Gmail's built-in account switching, where you use the avatar in the top right to switch between signed-in accounts, is even less suited to this. It switches your entire Gmail view between accounts, so you're seeing one business at a time and have no peripheral awareness of what's happening in the others.
An IMAP email client that connects to all your accounts simultaneously and shows them in a way that respects their separate contexts. This is where desktop clients like Thunderbird, Spark, or Canary have an advantage over web-based Gmail: they can maintain connections to multiple accounts and display them in a single interface without requiring you to switch views.
The limitation of most of these clients is that they still treat accounts as the organizing unit rather than businesses. If you have two Workspace accounts for the same company, two different aliases at one account, and a separate personal account, they all appear as equal entries in the sidebar.
What the multi-company founder actually needs is a layer above accounts. The Agency is a business. That business might have one Workspace account with three aliases, and they all belong in the same context. The SaaS is a different business with its own account and maybe a shared support@ alias. You want to see Agency on one side of the screen and SaaS on the other, not a list of four email addresses sorted by account.
Cereal is built around this model. You configure each account and then assign it to a business bowl. The dashboard shows you bowls, not accounts. All the Agency email is in the Agency bowl, regardless of which specific address or alias it came to. When you compose from the Agency bowl, your identity defaults to the Agency's primary address.
Even with a clean setup, some email will arrive at the wrong place. A contact will use your personal Gmail when they should have used your business address. Something you signed up for with a Workspace address will start routing to the wrong organization.
The right approach is to fix the routing at the source rather than merging everything and dealing with it downstream.
For contacts who use the wrong address: reply from the correct one and ask them to update their records. Most people do this once and then use the right address forever. The reply-from header will usually prompt email clients to update their suggested addresses automatically.
For service accounts that have the wrong address: update your email in those services to the correct one. This is tedious but one-time work. A quick search for your current email in each of your accounts will surface most of them.
If you're starting fresh, here's the order of operations:
Multiple Workspace organizations means multiple billing relationships with Google. At six dollars per user per month, three organizations with one account each is eighteen dollars per month. That's not unreasonable for what you get, but it's worth knowing that Workspace charges are per organization, not per account across organizations.

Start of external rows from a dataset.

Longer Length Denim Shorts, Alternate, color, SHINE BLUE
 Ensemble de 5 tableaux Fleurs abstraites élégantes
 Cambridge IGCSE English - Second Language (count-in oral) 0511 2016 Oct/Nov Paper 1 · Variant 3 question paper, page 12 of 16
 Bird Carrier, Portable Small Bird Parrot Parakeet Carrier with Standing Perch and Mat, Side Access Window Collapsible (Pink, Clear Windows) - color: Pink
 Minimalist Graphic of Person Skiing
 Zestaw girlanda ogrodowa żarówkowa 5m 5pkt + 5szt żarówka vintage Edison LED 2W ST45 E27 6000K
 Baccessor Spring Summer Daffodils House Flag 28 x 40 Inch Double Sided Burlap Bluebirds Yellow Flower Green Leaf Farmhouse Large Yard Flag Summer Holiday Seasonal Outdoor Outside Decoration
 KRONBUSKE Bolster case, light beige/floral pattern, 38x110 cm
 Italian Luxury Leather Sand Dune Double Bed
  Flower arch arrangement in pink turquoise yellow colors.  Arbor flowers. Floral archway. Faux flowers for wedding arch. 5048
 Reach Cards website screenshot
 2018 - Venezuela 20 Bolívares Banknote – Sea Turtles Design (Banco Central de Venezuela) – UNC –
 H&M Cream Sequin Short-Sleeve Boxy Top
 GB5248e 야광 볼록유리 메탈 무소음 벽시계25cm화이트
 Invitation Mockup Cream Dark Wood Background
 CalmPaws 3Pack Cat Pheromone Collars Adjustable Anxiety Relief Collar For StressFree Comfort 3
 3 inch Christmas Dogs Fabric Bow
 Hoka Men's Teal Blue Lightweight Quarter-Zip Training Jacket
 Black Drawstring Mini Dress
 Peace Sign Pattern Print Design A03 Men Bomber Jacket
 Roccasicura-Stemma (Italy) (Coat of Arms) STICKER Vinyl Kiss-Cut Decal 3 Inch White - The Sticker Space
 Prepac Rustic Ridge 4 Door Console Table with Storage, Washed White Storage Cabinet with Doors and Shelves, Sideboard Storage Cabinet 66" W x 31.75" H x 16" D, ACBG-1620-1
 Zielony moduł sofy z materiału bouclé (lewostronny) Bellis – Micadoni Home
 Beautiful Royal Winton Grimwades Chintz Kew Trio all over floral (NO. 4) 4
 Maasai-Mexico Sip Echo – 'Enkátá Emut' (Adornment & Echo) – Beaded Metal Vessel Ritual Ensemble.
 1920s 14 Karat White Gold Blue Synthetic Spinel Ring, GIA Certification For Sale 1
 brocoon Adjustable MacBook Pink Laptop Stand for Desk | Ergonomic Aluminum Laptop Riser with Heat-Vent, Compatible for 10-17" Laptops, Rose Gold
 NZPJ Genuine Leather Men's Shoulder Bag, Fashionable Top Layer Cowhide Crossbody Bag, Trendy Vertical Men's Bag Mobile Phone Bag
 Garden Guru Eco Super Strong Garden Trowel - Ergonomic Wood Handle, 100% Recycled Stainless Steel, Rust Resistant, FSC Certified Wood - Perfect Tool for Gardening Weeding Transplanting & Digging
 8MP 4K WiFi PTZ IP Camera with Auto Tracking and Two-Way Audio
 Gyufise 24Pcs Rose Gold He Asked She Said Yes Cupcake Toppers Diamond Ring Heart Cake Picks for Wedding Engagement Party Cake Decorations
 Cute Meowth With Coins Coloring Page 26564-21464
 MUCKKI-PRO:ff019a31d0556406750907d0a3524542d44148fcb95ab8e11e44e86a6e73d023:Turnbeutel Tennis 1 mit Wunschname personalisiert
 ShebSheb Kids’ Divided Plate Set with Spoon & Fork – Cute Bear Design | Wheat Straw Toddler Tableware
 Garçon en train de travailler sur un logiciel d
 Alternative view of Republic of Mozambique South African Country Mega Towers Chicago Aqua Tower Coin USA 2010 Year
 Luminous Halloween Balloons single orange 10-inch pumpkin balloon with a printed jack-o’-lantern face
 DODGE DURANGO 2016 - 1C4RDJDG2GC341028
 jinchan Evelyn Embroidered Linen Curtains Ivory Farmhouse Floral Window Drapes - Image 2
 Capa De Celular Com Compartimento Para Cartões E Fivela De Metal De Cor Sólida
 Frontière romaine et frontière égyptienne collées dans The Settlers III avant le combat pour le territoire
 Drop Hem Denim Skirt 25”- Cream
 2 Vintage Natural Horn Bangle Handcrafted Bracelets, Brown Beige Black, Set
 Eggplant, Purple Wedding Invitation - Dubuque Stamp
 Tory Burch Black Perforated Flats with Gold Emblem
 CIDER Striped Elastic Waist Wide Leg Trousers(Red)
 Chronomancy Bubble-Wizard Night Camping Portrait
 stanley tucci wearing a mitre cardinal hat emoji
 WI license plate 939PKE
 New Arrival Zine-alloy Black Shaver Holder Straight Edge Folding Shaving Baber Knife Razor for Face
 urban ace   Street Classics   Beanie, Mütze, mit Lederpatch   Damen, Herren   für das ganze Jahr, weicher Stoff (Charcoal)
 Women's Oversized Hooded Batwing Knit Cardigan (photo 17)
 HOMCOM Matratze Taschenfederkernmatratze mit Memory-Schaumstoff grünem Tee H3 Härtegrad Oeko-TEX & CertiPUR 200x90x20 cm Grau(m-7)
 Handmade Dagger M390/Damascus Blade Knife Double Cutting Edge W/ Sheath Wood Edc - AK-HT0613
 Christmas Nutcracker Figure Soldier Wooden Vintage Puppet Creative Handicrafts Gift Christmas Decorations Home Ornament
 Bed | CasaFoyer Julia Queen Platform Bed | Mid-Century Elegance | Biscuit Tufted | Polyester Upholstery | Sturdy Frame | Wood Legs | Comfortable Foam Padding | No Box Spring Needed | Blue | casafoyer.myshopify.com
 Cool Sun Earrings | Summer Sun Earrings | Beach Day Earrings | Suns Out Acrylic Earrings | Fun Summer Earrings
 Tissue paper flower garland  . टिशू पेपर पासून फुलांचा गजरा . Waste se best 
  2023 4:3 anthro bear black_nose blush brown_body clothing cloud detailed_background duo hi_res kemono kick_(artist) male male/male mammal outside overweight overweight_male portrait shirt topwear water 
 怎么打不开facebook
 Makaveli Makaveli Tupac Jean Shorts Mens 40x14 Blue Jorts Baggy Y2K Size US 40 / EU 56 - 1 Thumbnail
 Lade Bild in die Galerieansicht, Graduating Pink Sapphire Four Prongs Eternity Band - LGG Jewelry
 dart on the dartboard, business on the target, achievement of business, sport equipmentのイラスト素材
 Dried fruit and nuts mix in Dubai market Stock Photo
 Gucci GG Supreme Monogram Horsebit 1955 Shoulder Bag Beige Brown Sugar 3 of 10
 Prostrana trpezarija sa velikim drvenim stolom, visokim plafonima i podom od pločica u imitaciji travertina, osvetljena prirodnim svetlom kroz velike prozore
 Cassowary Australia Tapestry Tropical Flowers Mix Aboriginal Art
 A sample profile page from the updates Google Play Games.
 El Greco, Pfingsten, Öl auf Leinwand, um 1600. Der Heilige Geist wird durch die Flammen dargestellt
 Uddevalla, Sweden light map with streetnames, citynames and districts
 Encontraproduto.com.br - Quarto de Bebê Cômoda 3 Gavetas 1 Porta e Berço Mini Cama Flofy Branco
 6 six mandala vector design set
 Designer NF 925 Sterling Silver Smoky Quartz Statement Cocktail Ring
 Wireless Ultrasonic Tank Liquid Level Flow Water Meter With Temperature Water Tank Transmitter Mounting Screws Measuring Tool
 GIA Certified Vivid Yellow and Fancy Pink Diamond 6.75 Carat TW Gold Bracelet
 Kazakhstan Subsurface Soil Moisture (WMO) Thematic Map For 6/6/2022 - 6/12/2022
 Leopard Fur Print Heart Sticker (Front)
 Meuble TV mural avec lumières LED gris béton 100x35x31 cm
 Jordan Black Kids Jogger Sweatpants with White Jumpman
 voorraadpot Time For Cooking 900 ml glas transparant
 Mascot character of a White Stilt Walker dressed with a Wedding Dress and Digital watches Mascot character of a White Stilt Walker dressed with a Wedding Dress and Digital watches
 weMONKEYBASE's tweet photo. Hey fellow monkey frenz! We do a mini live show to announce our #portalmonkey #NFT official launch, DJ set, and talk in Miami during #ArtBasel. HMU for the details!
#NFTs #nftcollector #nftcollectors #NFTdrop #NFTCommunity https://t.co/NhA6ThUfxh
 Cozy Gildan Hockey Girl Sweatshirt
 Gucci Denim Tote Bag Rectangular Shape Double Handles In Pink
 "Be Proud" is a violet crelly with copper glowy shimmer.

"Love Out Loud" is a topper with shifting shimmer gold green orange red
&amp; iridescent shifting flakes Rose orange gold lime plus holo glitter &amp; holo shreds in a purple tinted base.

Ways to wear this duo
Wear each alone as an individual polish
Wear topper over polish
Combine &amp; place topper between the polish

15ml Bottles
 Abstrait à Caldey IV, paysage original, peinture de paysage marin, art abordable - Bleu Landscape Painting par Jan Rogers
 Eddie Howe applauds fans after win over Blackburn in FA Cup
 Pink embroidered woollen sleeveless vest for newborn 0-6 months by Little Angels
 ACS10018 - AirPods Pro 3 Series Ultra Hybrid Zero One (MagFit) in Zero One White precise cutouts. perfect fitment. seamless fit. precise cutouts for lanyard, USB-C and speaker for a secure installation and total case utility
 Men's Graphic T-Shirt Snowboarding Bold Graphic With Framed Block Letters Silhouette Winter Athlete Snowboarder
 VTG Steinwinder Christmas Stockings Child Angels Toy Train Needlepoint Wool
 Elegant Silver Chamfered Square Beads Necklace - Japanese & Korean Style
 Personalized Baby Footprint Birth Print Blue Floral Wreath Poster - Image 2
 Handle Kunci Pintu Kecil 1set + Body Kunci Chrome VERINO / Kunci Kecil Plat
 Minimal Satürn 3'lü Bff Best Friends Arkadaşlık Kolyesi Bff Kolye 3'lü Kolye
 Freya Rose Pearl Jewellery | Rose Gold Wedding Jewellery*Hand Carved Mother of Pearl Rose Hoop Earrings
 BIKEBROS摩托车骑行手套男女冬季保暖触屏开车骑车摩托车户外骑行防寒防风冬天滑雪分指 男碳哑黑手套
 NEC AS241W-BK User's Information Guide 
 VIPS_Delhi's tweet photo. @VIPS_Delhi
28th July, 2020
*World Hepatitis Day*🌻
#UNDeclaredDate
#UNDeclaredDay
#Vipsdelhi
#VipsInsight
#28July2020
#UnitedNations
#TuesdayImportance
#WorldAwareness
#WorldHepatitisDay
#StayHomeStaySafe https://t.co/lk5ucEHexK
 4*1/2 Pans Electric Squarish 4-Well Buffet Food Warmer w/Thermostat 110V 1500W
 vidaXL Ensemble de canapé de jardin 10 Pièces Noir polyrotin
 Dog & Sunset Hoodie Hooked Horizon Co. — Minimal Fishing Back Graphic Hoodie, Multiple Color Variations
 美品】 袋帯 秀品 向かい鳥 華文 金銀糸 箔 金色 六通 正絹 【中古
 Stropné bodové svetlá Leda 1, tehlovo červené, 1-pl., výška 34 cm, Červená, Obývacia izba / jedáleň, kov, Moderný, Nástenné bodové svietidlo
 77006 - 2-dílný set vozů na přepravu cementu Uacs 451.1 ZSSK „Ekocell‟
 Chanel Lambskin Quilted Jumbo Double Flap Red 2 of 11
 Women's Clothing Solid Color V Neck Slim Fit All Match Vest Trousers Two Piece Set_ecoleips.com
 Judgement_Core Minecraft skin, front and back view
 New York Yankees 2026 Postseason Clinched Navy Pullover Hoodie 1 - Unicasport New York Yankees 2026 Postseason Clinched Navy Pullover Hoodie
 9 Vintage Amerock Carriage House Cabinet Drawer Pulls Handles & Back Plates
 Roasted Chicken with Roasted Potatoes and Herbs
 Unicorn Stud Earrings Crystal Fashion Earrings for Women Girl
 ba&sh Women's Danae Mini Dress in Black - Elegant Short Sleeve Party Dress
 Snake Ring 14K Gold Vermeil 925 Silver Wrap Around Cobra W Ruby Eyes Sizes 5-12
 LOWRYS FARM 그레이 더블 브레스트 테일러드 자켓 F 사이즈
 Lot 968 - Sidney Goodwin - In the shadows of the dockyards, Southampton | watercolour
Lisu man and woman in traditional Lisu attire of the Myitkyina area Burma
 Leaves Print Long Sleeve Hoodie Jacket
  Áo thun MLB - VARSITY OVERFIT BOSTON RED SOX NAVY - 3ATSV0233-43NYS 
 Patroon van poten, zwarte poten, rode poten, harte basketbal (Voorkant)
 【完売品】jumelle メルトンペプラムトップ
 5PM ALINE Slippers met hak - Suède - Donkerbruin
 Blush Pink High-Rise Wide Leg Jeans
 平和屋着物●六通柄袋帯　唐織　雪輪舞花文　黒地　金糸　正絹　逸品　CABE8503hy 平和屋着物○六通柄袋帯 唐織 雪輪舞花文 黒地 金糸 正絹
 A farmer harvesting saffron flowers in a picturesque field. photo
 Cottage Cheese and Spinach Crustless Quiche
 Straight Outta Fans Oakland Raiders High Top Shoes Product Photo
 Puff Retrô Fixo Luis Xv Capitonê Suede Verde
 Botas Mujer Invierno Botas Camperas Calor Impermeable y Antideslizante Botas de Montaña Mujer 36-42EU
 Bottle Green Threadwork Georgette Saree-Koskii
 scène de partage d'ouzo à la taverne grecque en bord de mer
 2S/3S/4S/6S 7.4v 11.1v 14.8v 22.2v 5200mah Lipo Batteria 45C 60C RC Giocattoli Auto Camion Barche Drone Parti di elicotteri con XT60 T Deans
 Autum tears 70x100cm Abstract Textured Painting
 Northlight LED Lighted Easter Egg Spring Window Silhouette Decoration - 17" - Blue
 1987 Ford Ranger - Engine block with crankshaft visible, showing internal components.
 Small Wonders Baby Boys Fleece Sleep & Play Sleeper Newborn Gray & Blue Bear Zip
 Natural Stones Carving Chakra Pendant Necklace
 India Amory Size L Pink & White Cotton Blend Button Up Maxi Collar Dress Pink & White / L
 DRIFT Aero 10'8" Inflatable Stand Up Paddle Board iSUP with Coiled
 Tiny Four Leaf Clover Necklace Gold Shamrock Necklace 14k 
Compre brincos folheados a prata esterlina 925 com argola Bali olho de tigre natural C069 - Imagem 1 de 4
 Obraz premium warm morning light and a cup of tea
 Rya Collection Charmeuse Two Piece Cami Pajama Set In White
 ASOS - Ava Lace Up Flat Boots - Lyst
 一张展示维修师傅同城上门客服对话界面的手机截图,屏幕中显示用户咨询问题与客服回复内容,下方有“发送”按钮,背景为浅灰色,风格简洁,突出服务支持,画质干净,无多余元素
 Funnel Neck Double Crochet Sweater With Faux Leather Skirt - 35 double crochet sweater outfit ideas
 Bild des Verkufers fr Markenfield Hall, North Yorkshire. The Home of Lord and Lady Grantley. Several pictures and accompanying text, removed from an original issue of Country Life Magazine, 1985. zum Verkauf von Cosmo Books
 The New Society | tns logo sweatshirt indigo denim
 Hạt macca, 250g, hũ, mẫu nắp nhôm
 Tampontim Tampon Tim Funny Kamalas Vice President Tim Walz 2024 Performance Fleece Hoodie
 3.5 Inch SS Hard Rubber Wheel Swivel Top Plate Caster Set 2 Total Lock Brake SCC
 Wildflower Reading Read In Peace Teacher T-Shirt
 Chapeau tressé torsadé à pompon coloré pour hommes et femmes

If cost is a concern, some of your secondary businesses may not need Workspace. Providers like Fastmail, Zoho, or even your domain registrar's mail hosting can work fine for businesses where you're the only user and your requirements are simple. These providers support IMAP and can be connected to the same dashboard alongside your Workspace accounts. The dashboard sees IMAP accounts, not Workspace organizations, so mixing providers is straightforward.
Getting this right takes an afternoon. After that, it mostly runs itself. Each business has its own email identity, each account connects to a dashboard that keeps the businesses separated, and you can see what's happening across all of them without switching contexts or maintaining multiple browser windows.
The thing worth emphasizing is that the goal is not just to receive all your email in one place. Plenty of forwarding setups achieve that. The goal is to receive all your email in one place while maintaining the separation that lets you operate as a professional in each business independently. Those are different requirements, and only the second one is worth building toward.